Cette reconnaissance arrive au niveau institutionnel avec les Community Conserved Areas (CCA), une nouvelle catégorie d’aires protégées, gérées depuis longtemps par des communautés locales, finalement reconnue par les principales organisations internationales suite au V Congres Mondial des Parcs, en 2003.

Sans compter les différentes écoles et traditions, il y a aussi des ambiguïtés sémantiques et culturelles du vocable provenant en partie des subtilités entre les modèles de gestion des ressources naturelles anglo-saxon et latin. Ces subtilités peuvent aussi être à la base des différentes interprétations du concept de conservation (Kasisi and Jacobs, 2002). À côté

des évidentes ambiguïtés sémantiques du concept, la question peut aussi être reliée à l’univers culturel et aux différentes représentations sociales de l’idée de nature et, surtout, du rapport entre l’Homme et la Nature.

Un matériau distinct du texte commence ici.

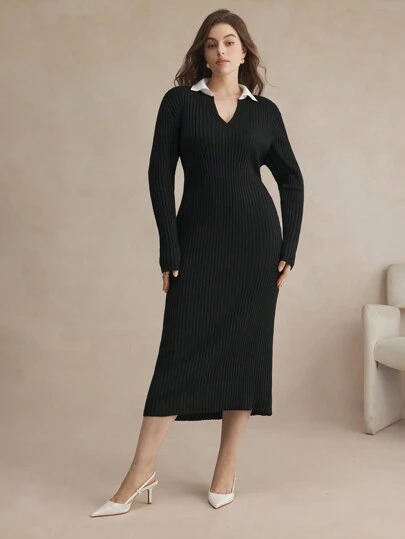 BizChic 大码秋冬休闲拼色圆领修身毛衣连衣裙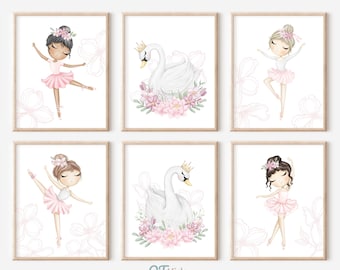 Ballerina Nursery Prints, Swan Girl Nursery Printable Wall Art, Baby Girl Room Decor, Pink Floral Swan Princess Prints, DIGITAL DOWNLOAD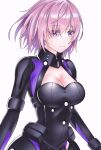  1girl alonalon002 black_bodysuit bodysuit breasts cleavage cleavage_cutout eyebrows_visible_through_hair fate/grand_order fate_(series) hair_between_eyes mash_kyrielight medium_breasts ortenaus pink_hair purple_eyes shiny shiny_hair short_hair simple_background smile solo standing white_background 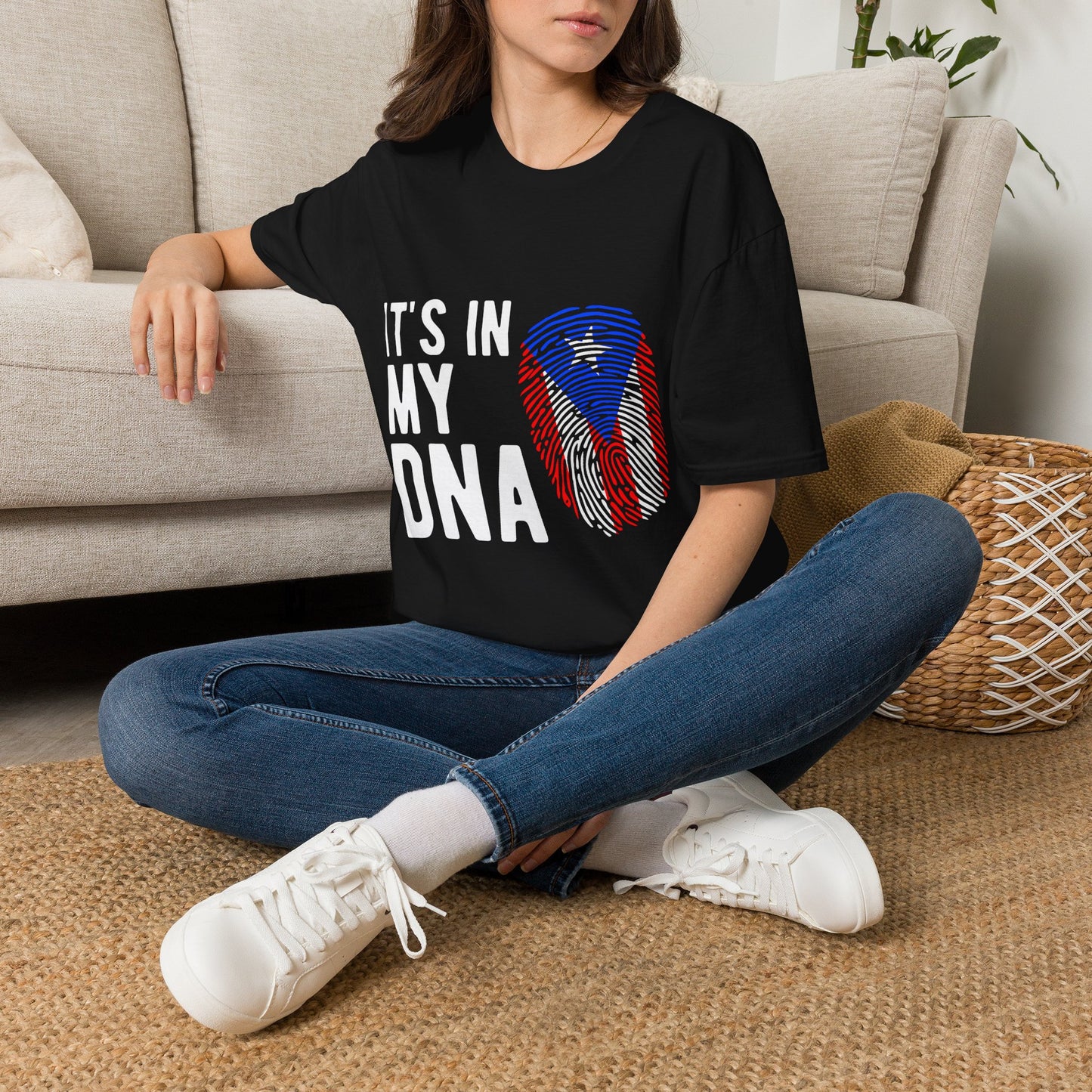 T‑Shirt — "It's In My DNA" Puerto Rico Flag Fingerprint Tee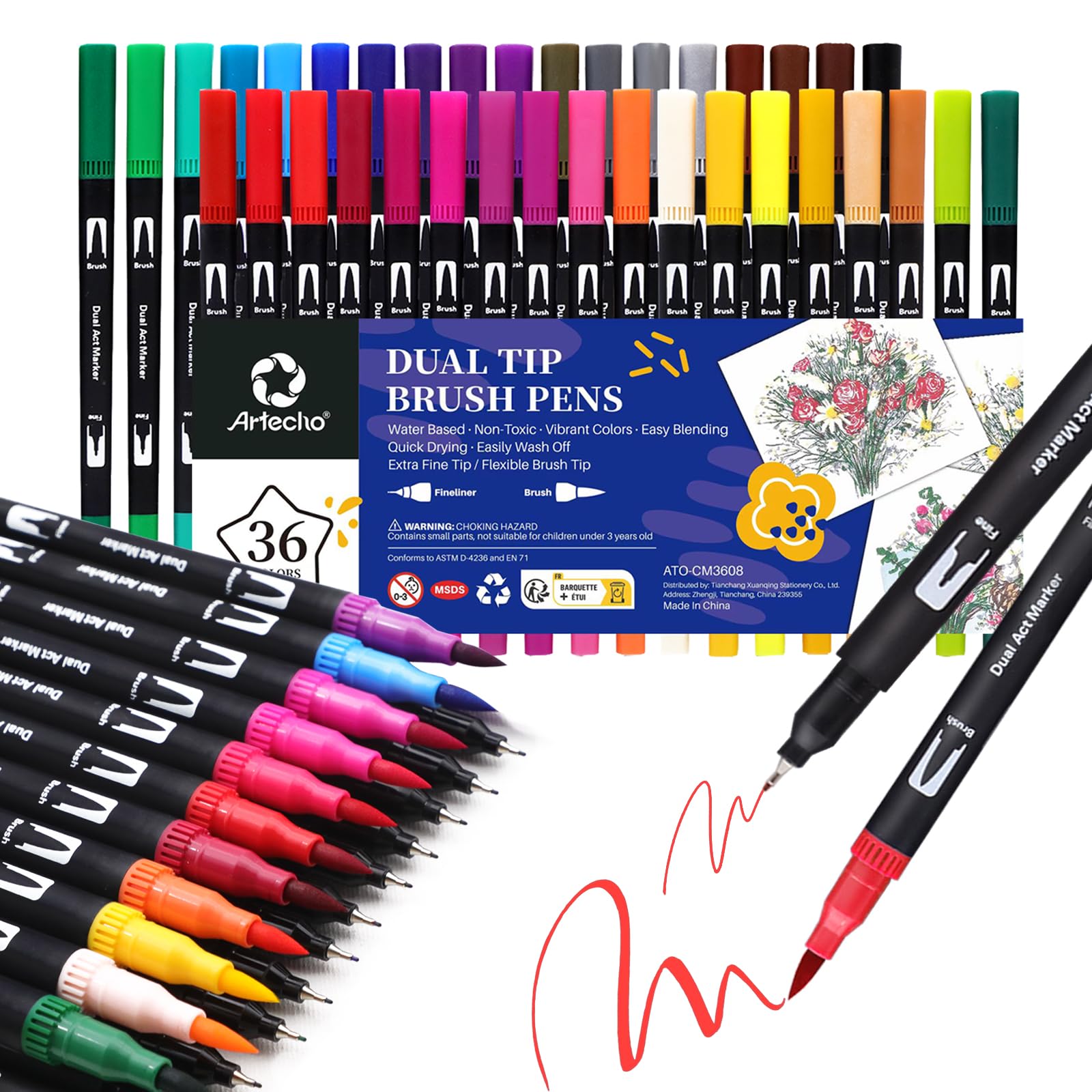 Artecho 36 Dual Tip Brush Pens，Colouring Pens brush pens for Adult，Colouring Books，Calligraphy，Drawing，Sketching, nylon tip for Artists，Beginners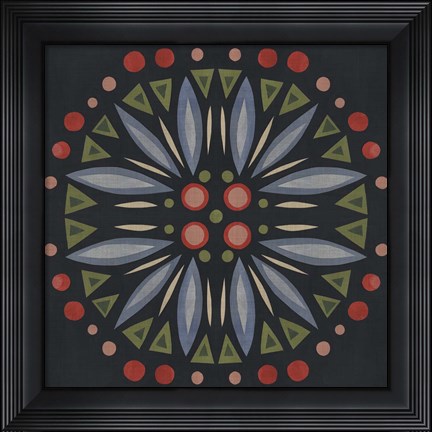 Framed Folk Mandala III Print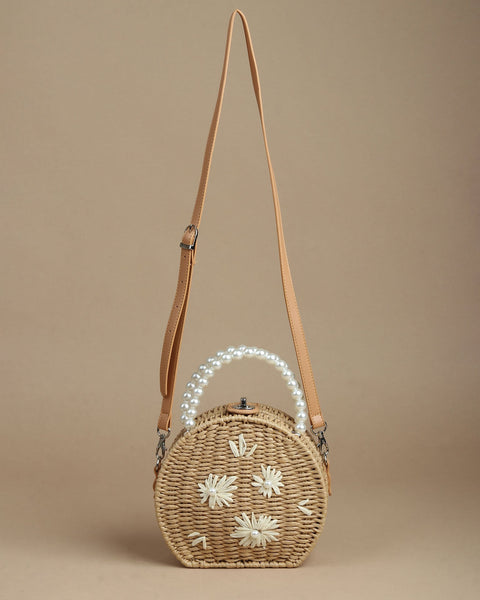 Raffia Pearl Handbag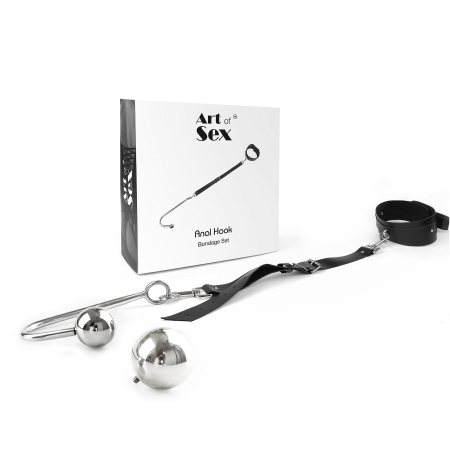 Анальний гак 4 із нашийником з натуральної шкіри Art of Sex - Anal hook, Чорний - фото №2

Kasisi et Jacobs (2002) nous parlent des conséquences, parfois désastreuses pour l’avenir de la biodiversité, de ces confusions sur l’interprétation du terme. Ils nous disent, par exemple, que, dans plusieurs pays africains francophones, lors de l’élaboration des stratégies nationales de conservation de la biodiversité, trop souvent la conservation (utilisation durable des éléments de la biodiversité, selon le deuxième objectif de la CDB) devient conservation stricte de la biodiversité, c’est-à-dire, protection intégrale et non- utilisation des ressources naturelles.

D’un autre côté, pour les langues d’origine latine, le terme conservation exclut l’idée de production (Chauvet and Olivier, 1993). En conséquence, la traduction de l’anglais des termes employés et des principes de la CDB (rédigée initialement dans cette langue) ne correspond pas à la réalité linguistique et conceptuelle latine. Mais, ces incohérences ne sont pas exclusives aux langues latines. En anglais il y a aussi des nuances entre conservation (utilisation durable) et préservation (protection intégrale). Ici aussi, la notion de conservation d’un écosystème se réfère à la fois à la protection intégrale et à l’utilisation durable.

Nous utiliserons dans le présent travail le terme « conservation » au sens le plus large, c’est-à-dire en incluant la gestion des ressources naturelles, leur protection ainsi que leur restauration, plutôt que dans sons sens réduit, celui du maintien de l’état original ou préservation.

En marge des différentes échelles et des nuances du terme, nous avons différentes stratégies de conservation (celles-ci très bien définies dans la CDB). Ce sont principalement la conservation in situ (aires protégées, réserves de la biosphère, etc.) et l’ex situ (jardins botaniques, zoologiques, banques de gènes, etc.). Elles se différencient principalement par son lieu d’application, dans le système naturel originaire ou hors celui-ci (PNUE, 1994).